* **DIRECTIONS**: Could you set down exactly the lines of the data below, starting at the one that holds "Men's long-sleeved striped" and ending at the one that holds "Home and living linear icons set", both included, and only those?

* **RECORDED INFORMATION**:
■ ■ ■ ■ ■
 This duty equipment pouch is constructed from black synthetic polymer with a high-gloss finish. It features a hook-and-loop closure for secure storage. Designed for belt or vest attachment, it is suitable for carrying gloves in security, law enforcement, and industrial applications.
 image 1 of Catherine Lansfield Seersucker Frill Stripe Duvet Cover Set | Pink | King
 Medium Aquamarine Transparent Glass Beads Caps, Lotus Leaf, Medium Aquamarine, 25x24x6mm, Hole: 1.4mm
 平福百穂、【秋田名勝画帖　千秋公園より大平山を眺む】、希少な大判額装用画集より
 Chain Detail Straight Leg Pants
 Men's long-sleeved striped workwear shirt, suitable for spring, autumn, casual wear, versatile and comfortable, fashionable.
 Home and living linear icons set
■ ■ ■ ■ ■
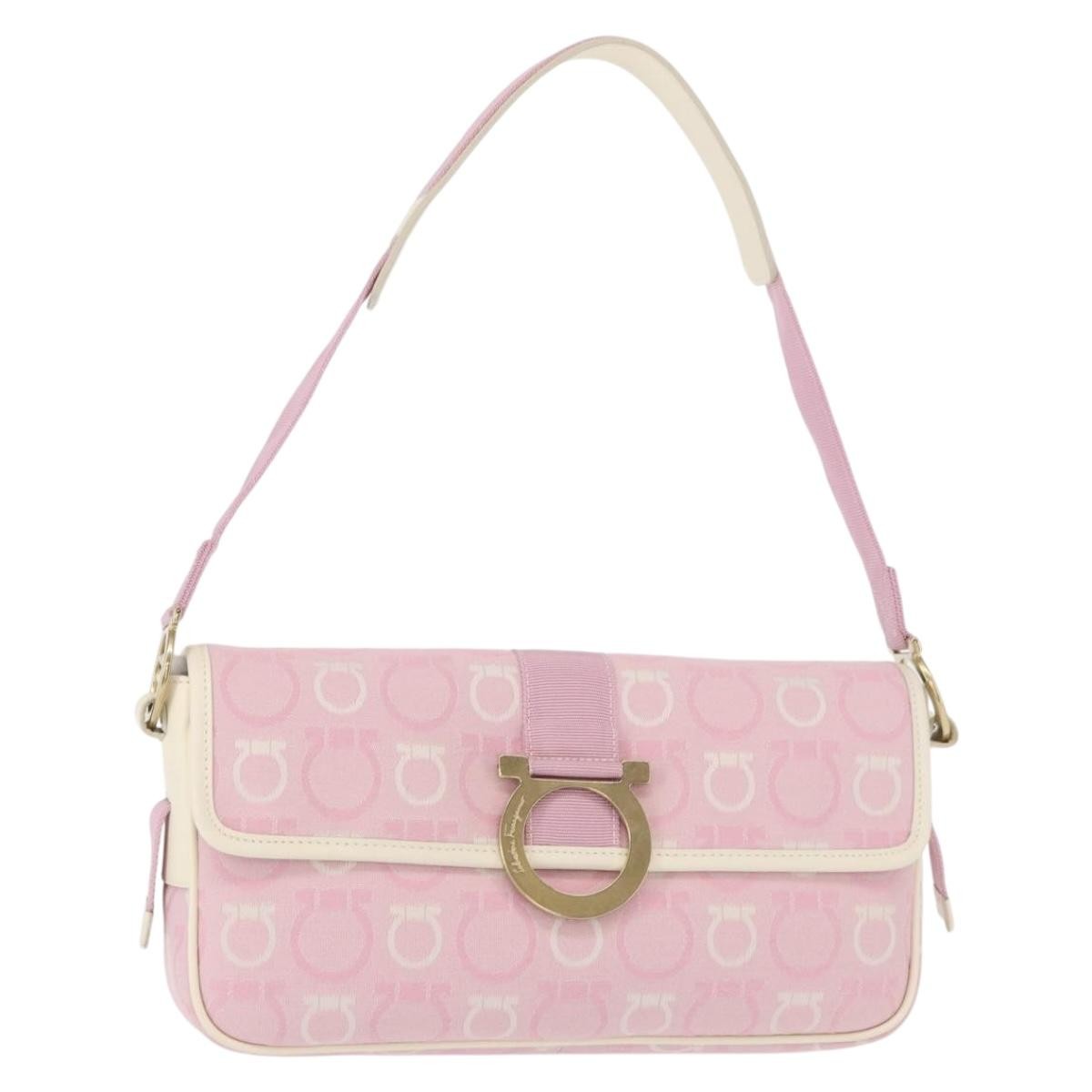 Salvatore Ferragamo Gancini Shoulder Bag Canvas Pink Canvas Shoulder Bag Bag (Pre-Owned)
■ ■ ■ ■ ■
* **SOLVED EXERCISE**:
 Men's long-sleeved striped workwear shirt, suitable for spring, autumn, casual wear, versatile and comfortable, fashionable.
 Home and living linear icons set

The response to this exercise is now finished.